Directly and indirectly, yes.

TC is owned by Music Tribe which is a holding company. Music tribe was spun off by Behringer to expand its holdings to other brands. So Behringer created Music Tribe (formerly Music Group), then put the Behringer brand under Music Tribe as a holding, then bought TC in 2015.


----------



## MaxOfMetal (Mar 5, 2020)

thedonal said:


> Haha- no. It's another forum for music gear- recording, PCs, software, synths, production and guitars. Gearslutz being another phrase based around Gear Acquisition Syndrome.
> 
> Sadly the synths/electronic music bit which often discusses Behringer now has become a shadow of it's former self over recent years for self perpetuating arguments, trolling and lots of personal digs. A real shame as it was great for years. I find the users of this forum to be much more supportive of each other and grown up when it comes to disagreements by and large.
> 
> This episode has been another disappointing show of Behringer for me of insecurity. They really don't need to behave like that. Also, the internet drama that came out of it (outside the rightful reactions from journalists) has also been just annoying. I personally like that B are making classic synths that are affordable to us poor musicians (I find Moog, like Gibson add a large premium in pricing for the branding. Much as their gear is still desirable) and don't have the vintage price tag/maintenance cost. I kind of find that with the public statement, Uli B has sort of distanced himself from the situation while leaving- in this case- the marketing team in front of the bus. That's not nice either. While I will buy their products for the time being (when I can afford them), I must say I doubt he's an easy person to work for by a long stretch.
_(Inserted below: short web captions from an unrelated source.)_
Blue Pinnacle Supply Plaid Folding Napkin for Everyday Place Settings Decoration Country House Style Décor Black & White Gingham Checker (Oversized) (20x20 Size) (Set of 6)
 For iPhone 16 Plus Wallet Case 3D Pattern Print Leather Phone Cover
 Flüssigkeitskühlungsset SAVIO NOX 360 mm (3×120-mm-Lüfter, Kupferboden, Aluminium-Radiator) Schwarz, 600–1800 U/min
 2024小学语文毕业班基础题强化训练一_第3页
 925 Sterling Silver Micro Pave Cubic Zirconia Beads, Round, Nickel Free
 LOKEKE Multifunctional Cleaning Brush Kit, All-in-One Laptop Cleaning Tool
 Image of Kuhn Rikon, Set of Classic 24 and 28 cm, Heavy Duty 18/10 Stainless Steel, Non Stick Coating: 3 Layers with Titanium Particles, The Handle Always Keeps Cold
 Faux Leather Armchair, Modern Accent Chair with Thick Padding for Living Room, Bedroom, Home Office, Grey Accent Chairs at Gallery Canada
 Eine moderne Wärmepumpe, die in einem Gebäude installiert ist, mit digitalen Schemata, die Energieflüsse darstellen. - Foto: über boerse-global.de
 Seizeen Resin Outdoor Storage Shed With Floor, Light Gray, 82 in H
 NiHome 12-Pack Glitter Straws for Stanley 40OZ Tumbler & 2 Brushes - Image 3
Yeah, it's just so weird. 

Outside of very small enthusiast communities there's a lot of good will for the Behringer brand. 

It would be so easy for them to just ignore the criticism and sell themselves as the great gear Robin Hood. I mean, that was pretty much what they did for the first couple decades. 

I'm all for Hanlon's Razor, but this was just so stupid and lacking in self-awareness that it almost makes you think it was genuinely done out of malice, and that's without taking the poorly chosen imagery into account.


----------



## TedEH (Mar 5, 2020)

MaxOfMetal said:


> the great gear Robin Hood


I was under the impression that Behringer has always had a bad/cheap reputation. That kind of thing where if you bring one of their pedals to checkout at a store, you get looks of "are you sure?" The kind of thing where the mention of the name starts discussions about how long it took for the last Behringer product you owned to break (I used a Behringer bass amp for a while, and it fried within a year). The kind of product that leads people to get defensive about it and call people cork sniffers because they can afford more reliable products.


----------



## MaxOfMetal (Mar 5, 2020)

TedEH said:


> I was under the impression that Behringer has always had a bad/cheap reputation. That kind of thing where if you bring one of their pedals to checkout at a store, you get looks of "are you sure?" The kind of thing where the mention of the name starts discussions about how long it took for the last Behringer product you owned to break (I used a Behringer bass amp for a while, and it fried within a year). The kind of product that leads people to get defensive about it and call people cork sniffers because they can afford more reliable products.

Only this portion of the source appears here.